Impartiality of the regulator is one of the most important principles of Regulation and Compliance Law. However, this impartiality can be difficult to implement when the regulation object has a strong moral dimension. 

In August 2020, various religious associations sized the Conseil National de Régulation de l'Audiovisuel sénégalais (Senegalese audiovisual regulatory authority) to ask the interdiction of broadcasting on television of the film "Les infidèles" telling the story of a married woman with multiple lovers. 

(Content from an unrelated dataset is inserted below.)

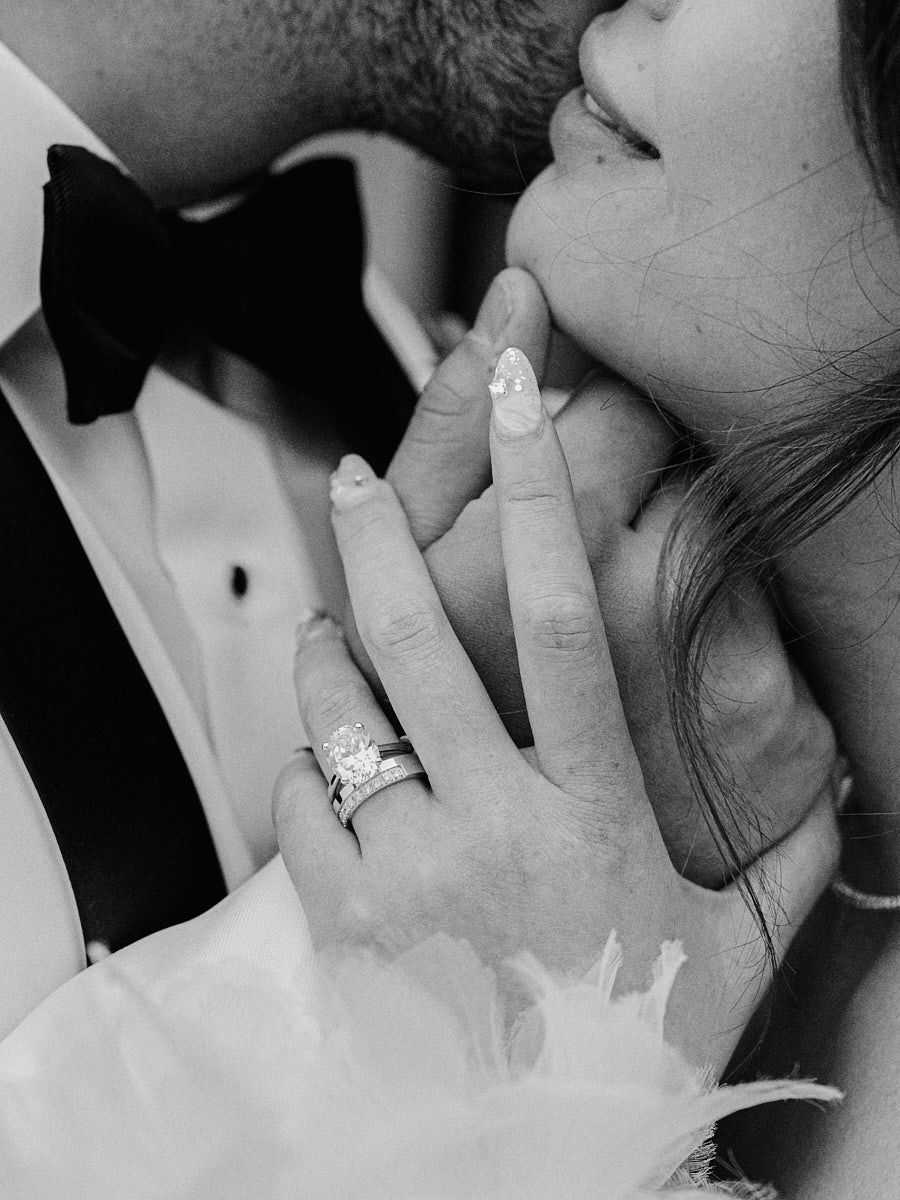 Bride’s hand showcasing wedding rings, highlighting elegant Riga wedding details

First, the regulator distinguishes the sequences likely to be detrimental to cultural and religious identities and shocking sequences or likely to attack the dignity of the person. Then, it asks the deletion of indecent and obscene scenes and of scenes likely to be detrimental to cultural and religious identities, bans the broadcasting of the film in the television before 10.30 pm, asks an update of the trailer and requires the introduction of a pictogram "forbidden to children under 16" during the broadcasting. The CNRA judges itself able to regulate the content of telefilms in order to protect cultural identities with regards to the law of 4th of January setting its mission. 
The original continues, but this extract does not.